International Standard Bible Encyclopedia (1915)

(Beroia or Berroia):

(1) A town of southwestern Macedonia, in the district of Emathia. It lay at the foot of Mt. Bermius, on a tributary of the Haliacmon, and seems to have been an ancient town, though the date of its foundation is uncertain. A passage in Thucydides (i.61) relating to the year 432 BC probably refers to another place of the same name, but an inscription (Inscr Graec, II, 5, 296i) proves its existence at the end of the 4th century BC, and it is twice mentioned by Polybius (xxvii.8; xxviii.8). After the battle of Pydba in 168 BC Berea was the first city to surrender to Rome and fell in the third of the four regions into which Macedonia was divided (Livy xliv.45; xlv.29). Paul and Silas came to Berea from Thessalonica which they had been forced by an uproar to leave, and preached in the synagogue to the Jews, many of whom believed after a candid examination of the apostolic message in the light of their Scriptures (Ac 17:10,11). A number of "Gr women of honorable estate and of men" also believed, but the advent of a body of hostile Jews from Thessalonica created a disturbance in consequence of which Paul had to leave the city, though Silas and Timothy stayed there for a few days longer (Ac 17:12-15). Perhaps the Sopater of Berea who accompanied Paul to Asia on his last journey to Jerusalem was one of his converts on this visit (Ac 20:4). Berea, which was one of the most populous cities of Macedonia early became a bishopric under the metropolitan of Thessalonica and was itself made a metropolis by Andronicus II (1283-1328): there is a tradition that the first bishop of the church was Onesimus. It played a prominent part in the struggles between the Greeks and the Bulgarians and Serbs, and was finally conquered by the Turks in 1373-74. The town, which still bears among the Greeks its ancient name (pronounced Verria) though called by the Turks Karaferia, possesses but few remains of antiquity with the exception of numerous inscriptions (Leake, Travels in Northern Greece, III, 290 if; Cousinery, Voyage dans la Macedoine, I, 57 ff; Dimitsas, Makedonia in Greek, 57 ff).

Marcus N. Tod

(2) The place where Menelaus the ex-high priest was executed by order of Antiochus Eupator, the victim, according to local custom, being cast from a tower 50 cubits high into a bed of ashes (2 Macc 13:3 ff). It was the ancient city of Chalab, lying about midway between Antioch and Hierapolis. Seleucus Nicator gave it the name Berea. It was a city of importance under the Moslems in the Middle Ages, when the old name again asserted itself, and remains to the present time.

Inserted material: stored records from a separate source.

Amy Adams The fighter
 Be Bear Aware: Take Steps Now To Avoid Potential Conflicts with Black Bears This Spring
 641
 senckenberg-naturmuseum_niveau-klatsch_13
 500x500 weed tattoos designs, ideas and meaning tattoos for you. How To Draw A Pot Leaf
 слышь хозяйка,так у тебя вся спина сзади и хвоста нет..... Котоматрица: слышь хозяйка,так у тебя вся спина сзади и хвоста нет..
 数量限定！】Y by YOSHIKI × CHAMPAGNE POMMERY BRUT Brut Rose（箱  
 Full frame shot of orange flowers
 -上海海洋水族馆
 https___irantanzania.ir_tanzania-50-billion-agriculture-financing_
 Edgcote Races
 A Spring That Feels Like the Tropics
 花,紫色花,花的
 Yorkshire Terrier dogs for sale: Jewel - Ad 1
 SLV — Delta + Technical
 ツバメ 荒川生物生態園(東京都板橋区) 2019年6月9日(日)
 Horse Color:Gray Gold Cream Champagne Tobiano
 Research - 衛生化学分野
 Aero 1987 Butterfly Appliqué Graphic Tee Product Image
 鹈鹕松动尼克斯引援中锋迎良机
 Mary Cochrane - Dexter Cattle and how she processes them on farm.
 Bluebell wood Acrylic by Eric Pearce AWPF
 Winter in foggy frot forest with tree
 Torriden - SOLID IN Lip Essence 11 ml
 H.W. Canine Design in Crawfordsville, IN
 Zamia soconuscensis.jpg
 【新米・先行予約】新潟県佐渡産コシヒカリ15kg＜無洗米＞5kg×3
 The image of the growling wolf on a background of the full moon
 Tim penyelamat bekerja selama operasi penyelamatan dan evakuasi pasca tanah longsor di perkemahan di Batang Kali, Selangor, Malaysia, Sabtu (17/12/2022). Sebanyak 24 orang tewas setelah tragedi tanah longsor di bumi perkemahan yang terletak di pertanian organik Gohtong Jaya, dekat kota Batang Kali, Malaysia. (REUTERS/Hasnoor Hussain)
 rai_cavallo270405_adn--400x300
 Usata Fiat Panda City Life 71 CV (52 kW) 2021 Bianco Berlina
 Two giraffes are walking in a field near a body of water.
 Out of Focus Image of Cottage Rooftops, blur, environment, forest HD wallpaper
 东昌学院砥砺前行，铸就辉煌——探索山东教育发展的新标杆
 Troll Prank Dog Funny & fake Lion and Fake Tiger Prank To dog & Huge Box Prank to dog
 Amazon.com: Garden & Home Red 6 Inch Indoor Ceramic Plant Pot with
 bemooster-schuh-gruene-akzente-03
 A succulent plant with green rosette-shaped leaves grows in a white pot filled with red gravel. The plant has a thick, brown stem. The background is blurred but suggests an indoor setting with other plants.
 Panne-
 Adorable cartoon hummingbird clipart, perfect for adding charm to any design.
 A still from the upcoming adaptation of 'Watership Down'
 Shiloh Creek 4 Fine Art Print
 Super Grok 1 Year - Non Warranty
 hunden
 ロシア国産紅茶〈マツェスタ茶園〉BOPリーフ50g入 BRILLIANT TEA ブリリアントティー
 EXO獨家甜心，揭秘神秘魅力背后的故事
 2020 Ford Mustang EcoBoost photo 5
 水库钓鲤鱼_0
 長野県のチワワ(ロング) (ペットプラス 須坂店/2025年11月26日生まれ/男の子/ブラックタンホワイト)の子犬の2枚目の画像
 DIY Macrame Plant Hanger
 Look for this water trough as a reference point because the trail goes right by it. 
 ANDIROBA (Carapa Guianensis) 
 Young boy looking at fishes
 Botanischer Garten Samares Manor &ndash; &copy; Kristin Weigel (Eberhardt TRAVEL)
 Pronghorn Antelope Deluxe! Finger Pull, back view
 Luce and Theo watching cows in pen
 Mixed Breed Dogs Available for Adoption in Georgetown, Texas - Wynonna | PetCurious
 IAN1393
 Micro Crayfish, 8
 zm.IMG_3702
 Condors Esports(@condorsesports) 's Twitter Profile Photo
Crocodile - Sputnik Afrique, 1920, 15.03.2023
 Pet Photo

The name "Aleppo" came to us through the Venetian traders in the days before the great overland route to India via Aleppo lost its importance through the discovery of the passage round the Cape. Aleppo is now a city of nearly 130,000 inhabitants. The governor exercises authority over a wide district extending from the Euphrates to the Mediterranean.

(3) (Berea); A place mentioned in 1 Macc 9:4. It may be identical with BEEROTH (which see) in Benjamin, a Hivite town, 8 miles North of Jerusalem, or with the modern Birez-Zait, 1 1/2 miles Northwest of Jifneh.